Come ti fa sentire sapere che dall’altra parte ci sono governi autoritari, troll factories e miliardari dell’alt right? Questo articolo è statooriginariamente pubblicato su Substack il 25 giugno 2024.
La scorsa settimana ho partecipato alla No Hate Speech Week 2024: un evento di tre giorni (alla faccia della settimana breve!) organizzato dal Consiglio d’Europa a Strasburgo con l’obiettivo di fornire ai e alle partecipanti (attivist@, researchers, practitioners e policy makers) uno spazio per lo scambio di pratiche, per la riflessione, per la formazione reciproca.

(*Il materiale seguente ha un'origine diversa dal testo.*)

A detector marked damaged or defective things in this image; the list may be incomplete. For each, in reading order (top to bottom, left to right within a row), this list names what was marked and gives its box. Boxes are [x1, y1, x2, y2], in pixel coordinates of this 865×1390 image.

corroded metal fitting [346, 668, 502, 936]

È stato un bell’evento, con un’agenda fatta di poche plenarie, molti workshop e parecchio spazio per il networking. E che, soprattutto, ha avuto il merito di toccare in modo più esplicito rispetto al passato un tema che mi sta molto a cuore: quello delle forze economiche, politiche, strategiche dietro alla diffusione dei discorsi d’odio.
Se da una parte infatti sofferenza e disagio sociale riguardano una porzione crescente di persone, sarebbe sbagliato credere che usare come capri espiatori i e le migranti, le donne o le persone lgbt+ (i tre principali target dell’odio) sia una “spontanea” risposta di poveri cittadini frustrati e dimenticati dai governi (come la narrazione dei movimenti populisti, principalmente – ma non solo – di destra, vorrebbe farci credere). Al contrario, esiste un enorme movimento di grandi imprenditori privati e di potenze straniere che supporta la creazione, diffusione e proliferazione di messaggi d’odio per un motivo ben preciso: una società più divisa è più debole rispetto alle minacce esterne e più propensa a cedere alle lusinghe di leader autoritari (o autoritarie).

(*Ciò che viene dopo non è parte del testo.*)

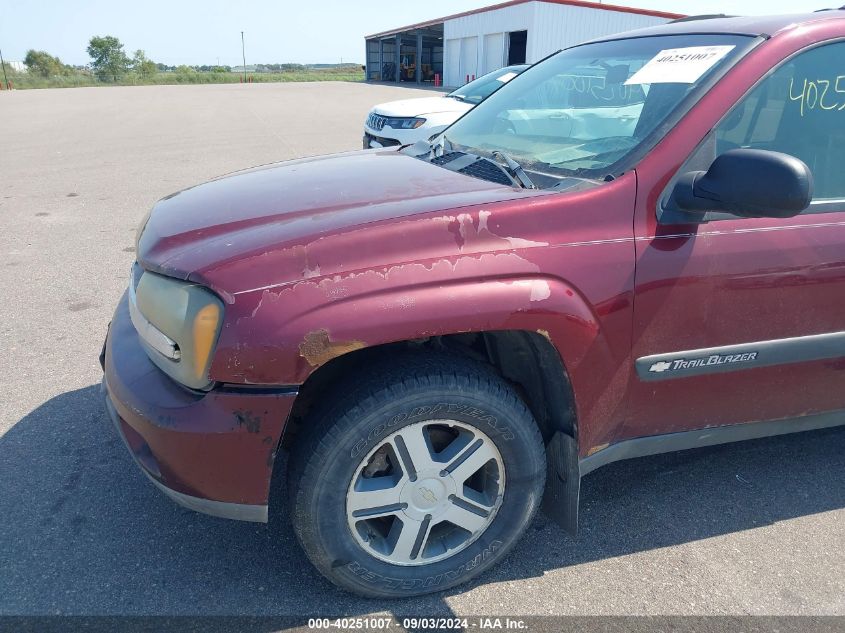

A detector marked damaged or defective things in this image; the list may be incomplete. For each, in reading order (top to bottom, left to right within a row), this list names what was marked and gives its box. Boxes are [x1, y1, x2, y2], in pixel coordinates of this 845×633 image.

damaged hood [135, 148, 536, 292]
paint peeling [296, 328, 366, 368]
rust spot [300, 326, 366, 366]
rust spot [234, 410, 260, 434]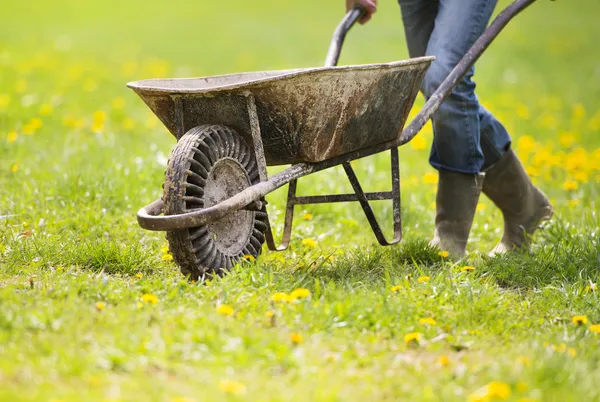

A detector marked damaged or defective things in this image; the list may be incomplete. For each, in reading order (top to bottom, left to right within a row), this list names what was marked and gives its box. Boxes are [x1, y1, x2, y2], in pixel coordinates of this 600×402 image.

Tutte cose abbastanza note, almeno fra addetti e addette ai lavori: eppure, sentirne parlare alla NHSW per me è stata una boccata d’ossigeno per due motivi.
Il primo è emotivo: per molti, troppi anni la retorica degli attivisti e delle attiviste è stata “tocca a noi”. Da come ce la raccontavamo, sembrava che fossimo a un flag di un post su Facebook o a un meme brillante su Instagram di distanza dal vincere la sfida contro l’odio online, e che in fondo dipendesse tutto da noi, dalla nostra volontà di affondare ancora di più le mani nella merda [scusatemi, ma non c’è termine più preciso] che si trova online o da quella di andare a fare l’ennesimo corso gratuito in una qualche scuola superiore.
E invece no:
c’è un livello di azione politica che viaggia ben al di sopra delle nostre teste e che riguarda il modo in cui sono costruiti e sfruttati gli algoritmi dei social network; il modo in cui sono finanziate e operano le troll factories russe; il modo in cui i big donors della alt-right internazionale influenzano le campagne elettorali di mezzo mondo.

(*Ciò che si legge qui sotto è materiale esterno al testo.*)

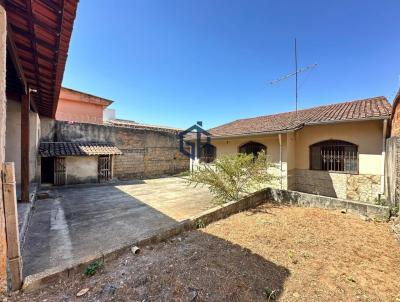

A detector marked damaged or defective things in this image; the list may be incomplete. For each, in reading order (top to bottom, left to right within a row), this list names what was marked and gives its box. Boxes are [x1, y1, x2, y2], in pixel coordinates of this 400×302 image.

cracked concrete slab [22, 177, 214, 278]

La cosa controintuitiva è che saperlo e parlarne non mi ha demotivato: al contrario, mi ha aiutato a rivedere le mie aspettative e ricalibrare la mia strategia. Mi ha tolto un peso dal cuore riconoscere che non saranno i miei flag a interrompere una catena di odio e disinformazione in cui un governo autoritario ha investito diverse centinaia di milioni di dollari. E, d’altra parte, se non sono solo a rendermi conto della portata della sfida non sono nemmeno impotente.

Nei prossimi anni si giocherà negli Stati e nell’Unione europea una partita istituzionale su cui possiamo influire attraverso azioni di advocacy e lobbysmo, ma anche di informazione e trasparenza su chi opera davvero “dall’altra parte” (avremo tempo di approfondire, ma intanto due soggetti da tenere d’occhio: INACH e WhoDis). Occorrerà lavorare in modo strutturale e mirato e ci saranno sconfitte e momenti di delusione: ma avere una prospettiva di lavoro così concreta mi ha restituito un’energia che mi mancavano da molti anni.
Non male per una settimana di tre giorni.